*Task statement*
Copy the lines below that contain "Black".

----

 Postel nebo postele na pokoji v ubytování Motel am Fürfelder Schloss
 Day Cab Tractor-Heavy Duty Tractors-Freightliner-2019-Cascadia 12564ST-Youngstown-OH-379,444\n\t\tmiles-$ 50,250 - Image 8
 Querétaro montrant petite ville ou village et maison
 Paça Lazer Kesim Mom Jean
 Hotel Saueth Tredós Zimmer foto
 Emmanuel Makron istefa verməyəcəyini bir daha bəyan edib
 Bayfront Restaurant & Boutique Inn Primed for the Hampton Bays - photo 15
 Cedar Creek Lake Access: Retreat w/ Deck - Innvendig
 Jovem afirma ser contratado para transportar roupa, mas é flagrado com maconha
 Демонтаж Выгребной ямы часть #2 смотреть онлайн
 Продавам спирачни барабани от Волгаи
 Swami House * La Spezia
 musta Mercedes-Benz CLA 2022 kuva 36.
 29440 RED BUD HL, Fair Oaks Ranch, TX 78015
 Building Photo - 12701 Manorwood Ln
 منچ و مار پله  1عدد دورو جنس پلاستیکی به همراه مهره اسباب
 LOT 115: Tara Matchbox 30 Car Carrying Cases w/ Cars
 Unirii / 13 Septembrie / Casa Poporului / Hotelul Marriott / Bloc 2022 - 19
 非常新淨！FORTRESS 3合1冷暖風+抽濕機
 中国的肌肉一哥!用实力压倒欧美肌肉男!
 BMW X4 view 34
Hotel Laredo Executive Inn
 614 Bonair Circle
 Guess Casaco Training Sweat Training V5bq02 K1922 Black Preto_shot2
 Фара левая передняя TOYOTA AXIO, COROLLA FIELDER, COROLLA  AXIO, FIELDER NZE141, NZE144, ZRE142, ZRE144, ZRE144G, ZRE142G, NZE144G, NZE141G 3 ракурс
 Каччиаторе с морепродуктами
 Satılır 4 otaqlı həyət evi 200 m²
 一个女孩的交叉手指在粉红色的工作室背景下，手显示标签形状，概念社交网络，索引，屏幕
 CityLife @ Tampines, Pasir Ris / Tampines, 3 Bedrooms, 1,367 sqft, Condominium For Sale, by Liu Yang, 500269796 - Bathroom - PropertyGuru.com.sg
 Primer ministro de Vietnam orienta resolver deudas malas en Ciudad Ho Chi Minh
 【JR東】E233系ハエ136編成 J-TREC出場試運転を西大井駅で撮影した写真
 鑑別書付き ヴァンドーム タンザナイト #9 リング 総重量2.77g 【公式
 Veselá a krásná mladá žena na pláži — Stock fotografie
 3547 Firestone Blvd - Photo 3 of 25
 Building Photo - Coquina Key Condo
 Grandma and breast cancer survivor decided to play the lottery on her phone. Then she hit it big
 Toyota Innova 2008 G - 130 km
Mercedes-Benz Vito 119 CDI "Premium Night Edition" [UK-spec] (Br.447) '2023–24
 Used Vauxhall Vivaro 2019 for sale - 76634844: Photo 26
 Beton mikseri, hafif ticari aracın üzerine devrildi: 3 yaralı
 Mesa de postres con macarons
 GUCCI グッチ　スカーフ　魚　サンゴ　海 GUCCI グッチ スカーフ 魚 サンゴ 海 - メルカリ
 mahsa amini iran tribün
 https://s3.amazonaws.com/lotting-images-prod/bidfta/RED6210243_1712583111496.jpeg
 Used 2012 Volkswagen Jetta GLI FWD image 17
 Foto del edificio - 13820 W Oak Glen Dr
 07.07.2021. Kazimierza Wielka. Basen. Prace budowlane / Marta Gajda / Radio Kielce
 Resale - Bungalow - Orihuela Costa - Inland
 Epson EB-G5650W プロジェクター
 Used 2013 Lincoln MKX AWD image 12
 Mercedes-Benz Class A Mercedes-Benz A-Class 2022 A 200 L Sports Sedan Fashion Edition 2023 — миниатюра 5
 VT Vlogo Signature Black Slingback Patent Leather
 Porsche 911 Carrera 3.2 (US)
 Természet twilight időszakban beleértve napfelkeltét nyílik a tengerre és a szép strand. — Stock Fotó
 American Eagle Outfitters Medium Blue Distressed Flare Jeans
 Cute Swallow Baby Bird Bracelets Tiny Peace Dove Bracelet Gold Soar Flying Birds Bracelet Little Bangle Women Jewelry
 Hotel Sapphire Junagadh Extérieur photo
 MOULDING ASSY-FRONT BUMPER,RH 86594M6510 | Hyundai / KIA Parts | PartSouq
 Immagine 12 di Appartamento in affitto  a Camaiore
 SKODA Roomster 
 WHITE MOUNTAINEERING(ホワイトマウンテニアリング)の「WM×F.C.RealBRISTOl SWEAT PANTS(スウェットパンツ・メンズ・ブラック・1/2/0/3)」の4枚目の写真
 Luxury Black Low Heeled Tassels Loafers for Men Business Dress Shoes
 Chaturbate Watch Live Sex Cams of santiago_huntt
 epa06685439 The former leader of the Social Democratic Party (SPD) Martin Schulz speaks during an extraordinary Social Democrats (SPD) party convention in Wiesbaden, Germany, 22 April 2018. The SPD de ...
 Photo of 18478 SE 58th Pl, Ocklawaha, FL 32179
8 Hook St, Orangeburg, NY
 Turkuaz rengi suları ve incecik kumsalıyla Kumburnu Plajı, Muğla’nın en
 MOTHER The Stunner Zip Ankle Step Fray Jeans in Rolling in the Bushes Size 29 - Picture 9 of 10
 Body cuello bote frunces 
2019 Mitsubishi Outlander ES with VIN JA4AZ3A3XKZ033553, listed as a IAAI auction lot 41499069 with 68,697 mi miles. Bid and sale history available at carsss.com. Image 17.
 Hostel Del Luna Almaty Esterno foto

----

*Result for this task*
 Guess Casaco Training Sweat Training V5bq02 K1922 Black Preto_shot2
 VT Vlogo Signature Black Slingback Patent Leather
 Luxury Black Low Heeled Tassels Loafers for Men Business Dress Shoes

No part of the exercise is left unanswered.